Exercise description - Output exactly the lines from the one containing "Personalized Romania Christmas" through the final line of the entries below, both included, and skip the pictures.

- Opening Delimiter -

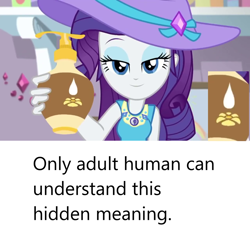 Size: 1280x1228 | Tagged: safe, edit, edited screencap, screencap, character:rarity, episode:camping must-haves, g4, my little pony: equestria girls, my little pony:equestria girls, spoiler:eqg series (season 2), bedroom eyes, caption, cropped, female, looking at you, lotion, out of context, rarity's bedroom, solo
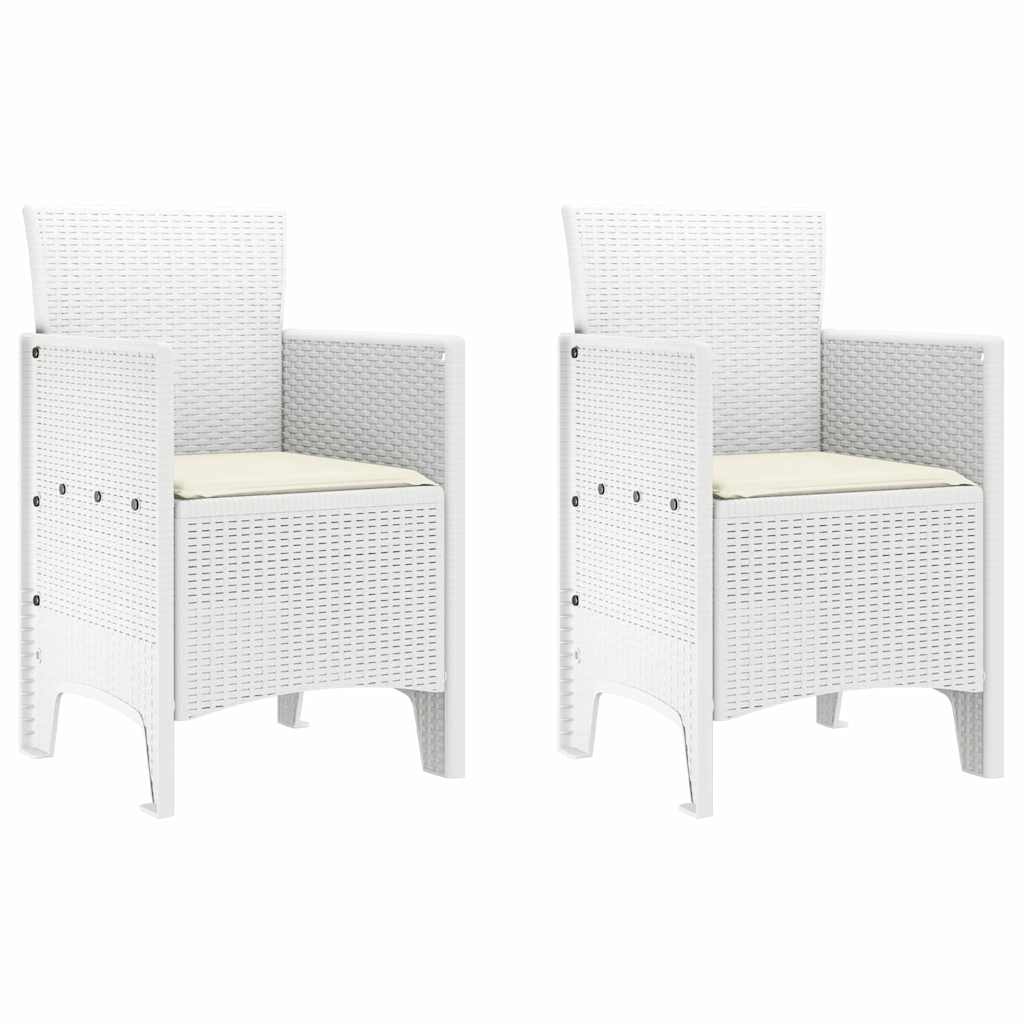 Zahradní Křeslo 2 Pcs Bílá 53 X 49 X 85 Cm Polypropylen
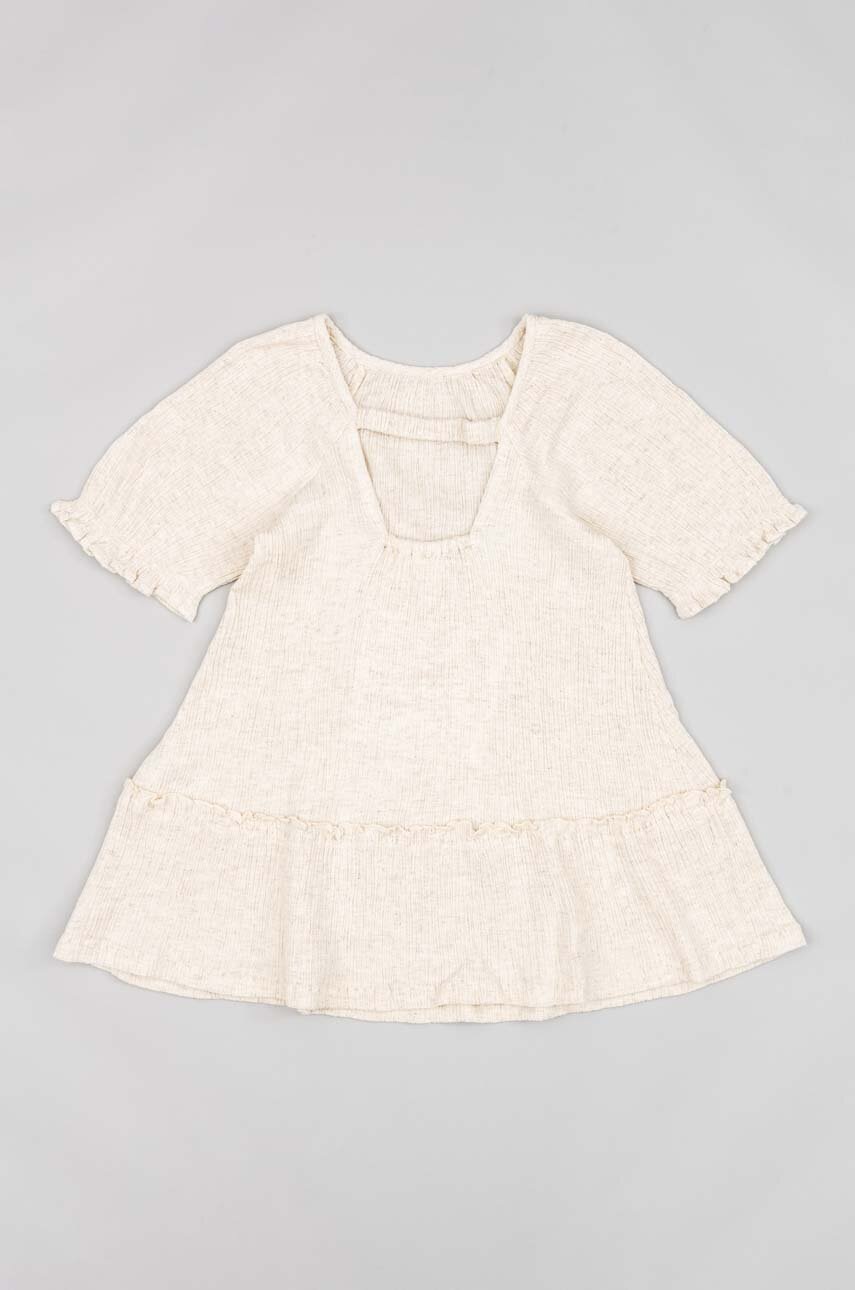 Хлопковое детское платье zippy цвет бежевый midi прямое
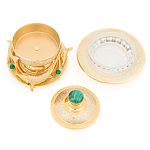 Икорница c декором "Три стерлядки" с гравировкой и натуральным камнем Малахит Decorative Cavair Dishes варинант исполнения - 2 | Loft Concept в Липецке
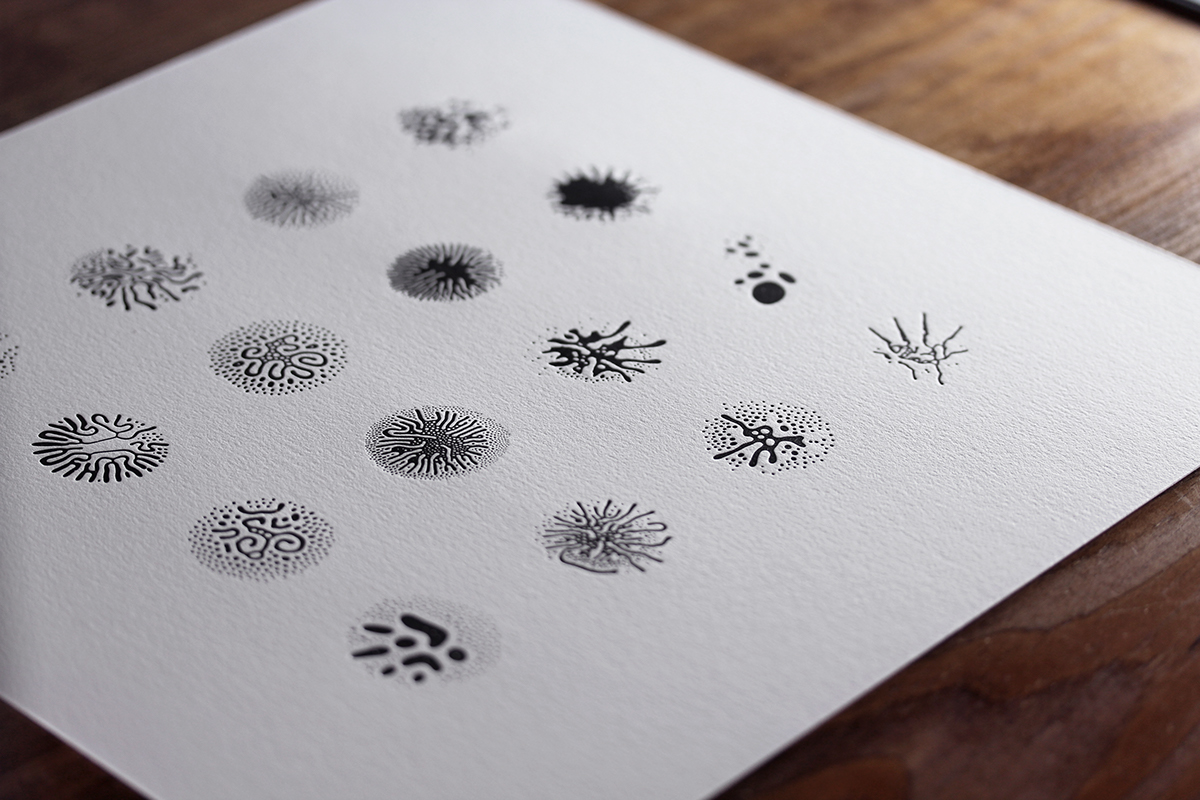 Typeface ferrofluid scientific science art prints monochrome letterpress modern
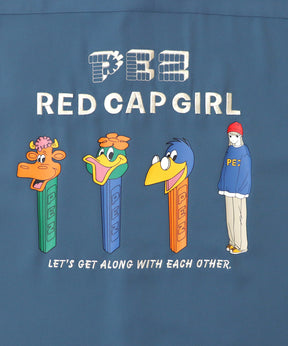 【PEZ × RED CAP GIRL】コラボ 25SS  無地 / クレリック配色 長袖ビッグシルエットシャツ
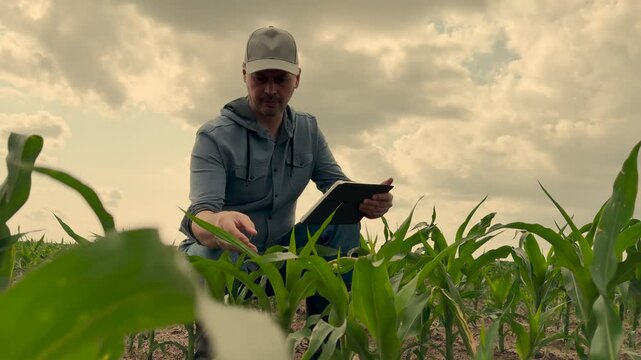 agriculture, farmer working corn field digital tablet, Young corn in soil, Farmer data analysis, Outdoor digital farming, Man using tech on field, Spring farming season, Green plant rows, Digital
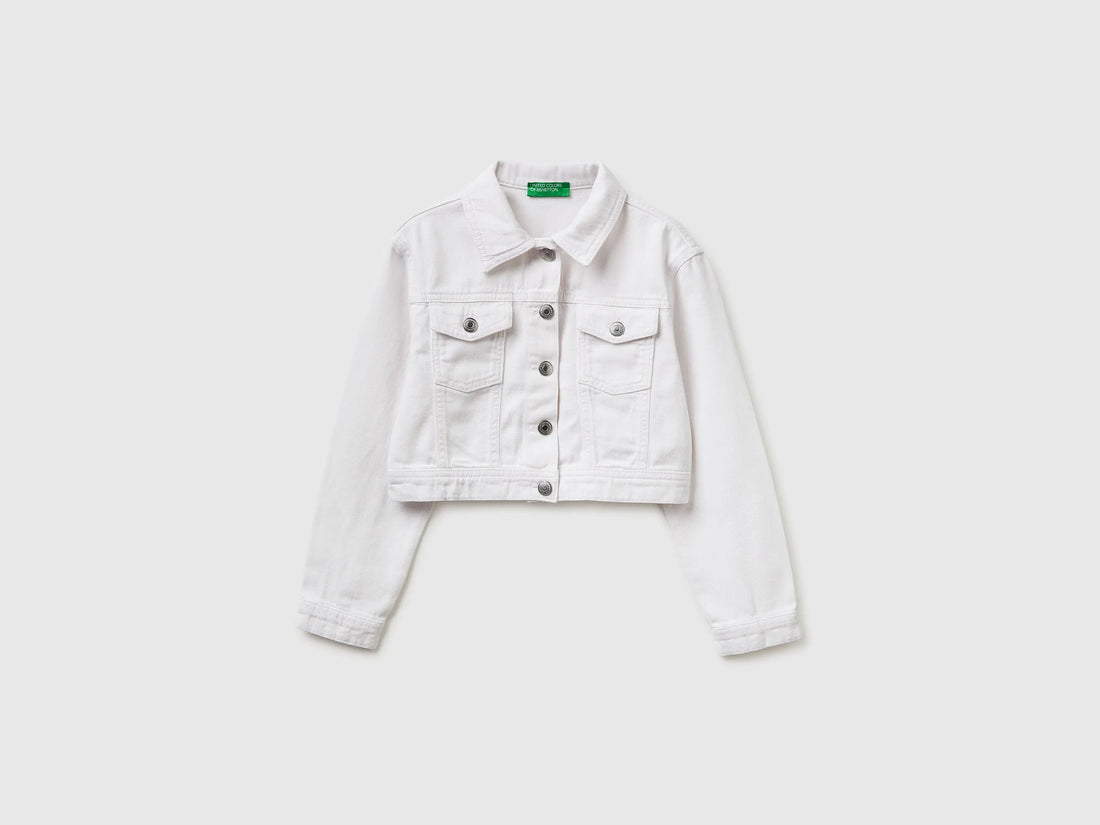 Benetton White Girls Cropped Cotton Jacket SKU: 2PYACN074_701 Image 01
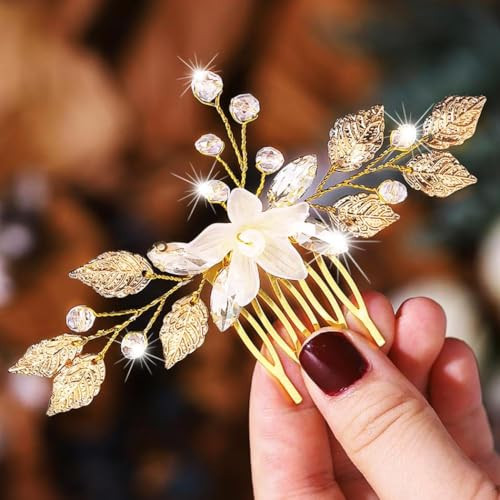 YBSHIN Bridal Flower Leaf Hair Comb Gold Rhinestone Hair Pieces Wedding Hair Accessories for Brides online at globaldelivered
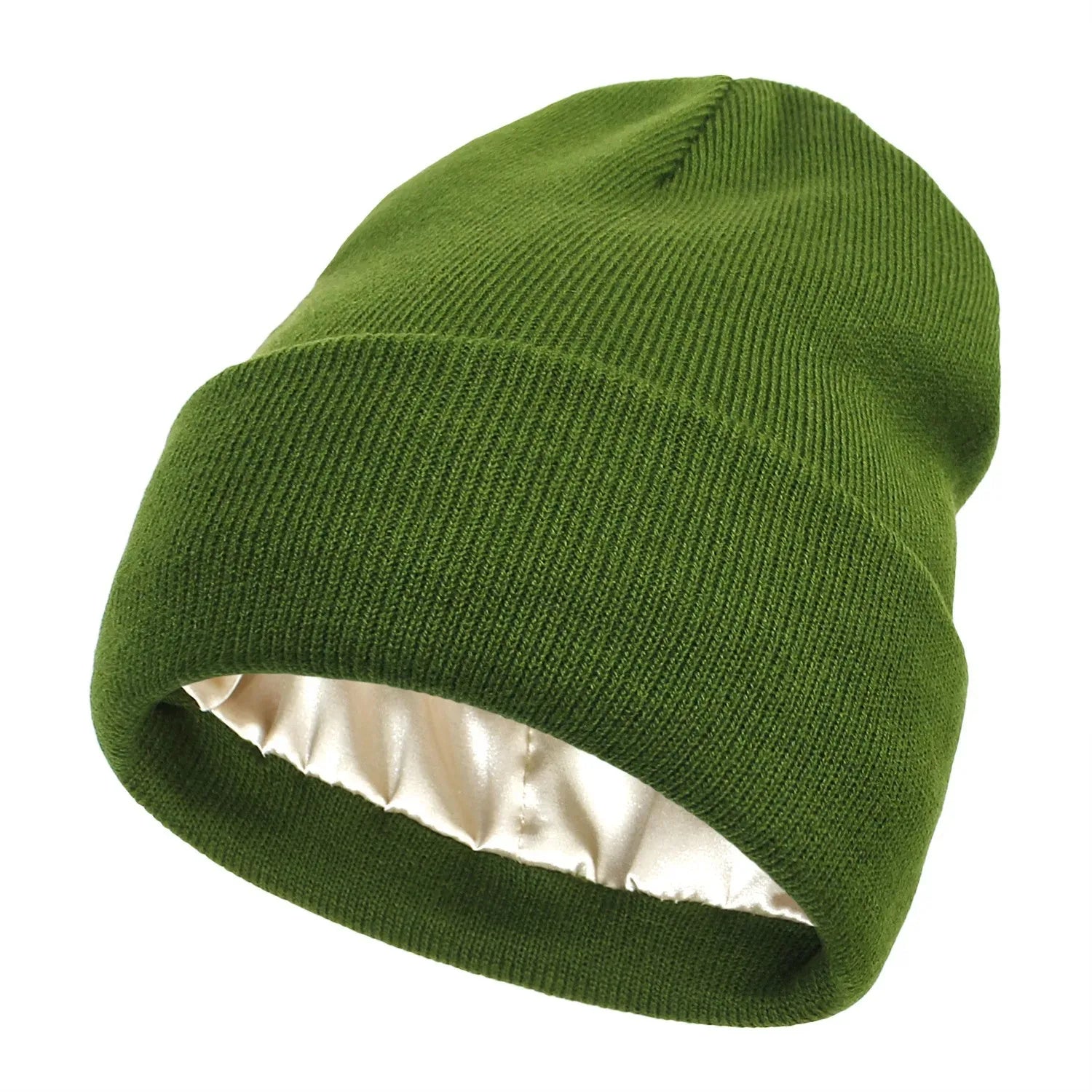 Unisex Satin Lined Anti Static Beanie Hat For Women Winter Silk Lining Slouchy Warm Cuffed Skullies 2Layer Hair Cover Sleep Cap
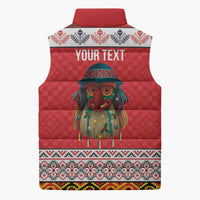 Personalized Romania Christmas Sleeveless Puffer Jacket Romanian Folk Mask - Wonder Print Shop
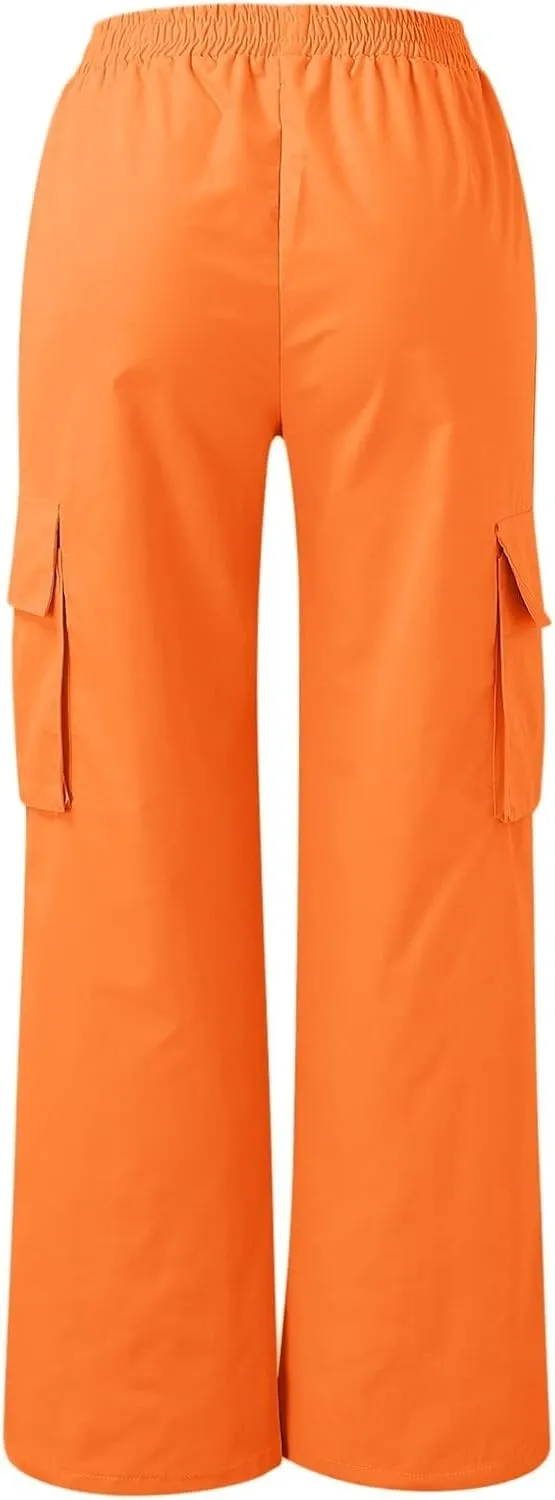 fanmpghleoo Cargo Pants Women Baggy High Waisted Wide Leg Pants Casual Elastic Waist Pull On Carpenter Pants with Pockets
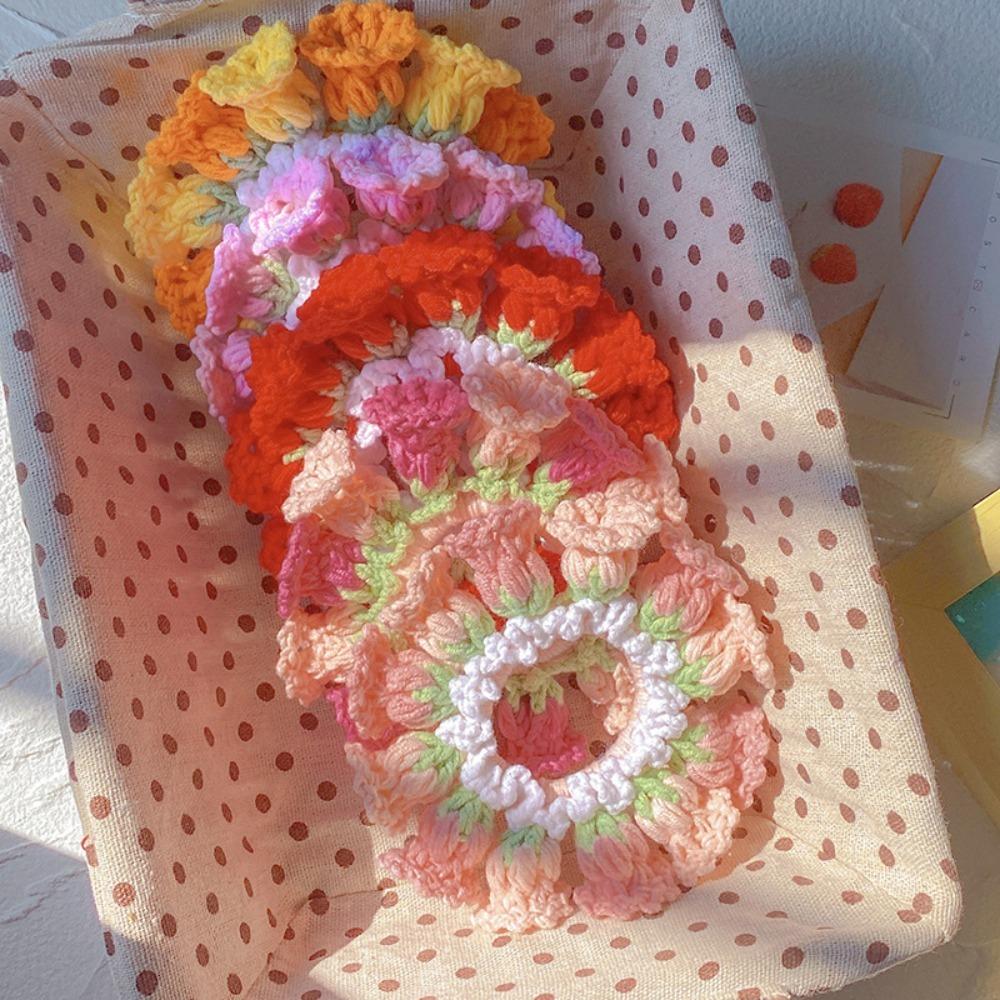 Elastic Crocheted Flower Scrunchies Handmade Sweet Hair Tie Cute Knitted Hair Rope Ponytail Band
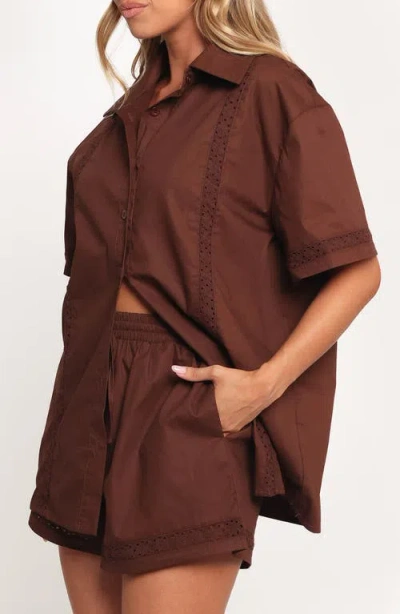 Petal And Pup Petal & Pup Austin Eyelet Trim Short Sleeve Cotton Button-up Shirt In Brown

- Closing Delimiter -

Solution -
 Personalized Romania Christmas Sleeveless Puffer Jacket Romanian Folk Mask - Wonder Print Shop
 fanmpghleoo Cargo Pants Women Baggy High Waisted Wide Leg Pants Casual Elastic Waist Pull On Carpenter Pants with Pockets
 Elastic Crocheted Flower Scrunchies Handmade Sweet Hair Tie Cute Knitted Hair Rope Ponytail Band
 Petal And Pup Petal & Pup Austin Eyelet Trim Short Sleeve Cotton Button-up Shirt In Brown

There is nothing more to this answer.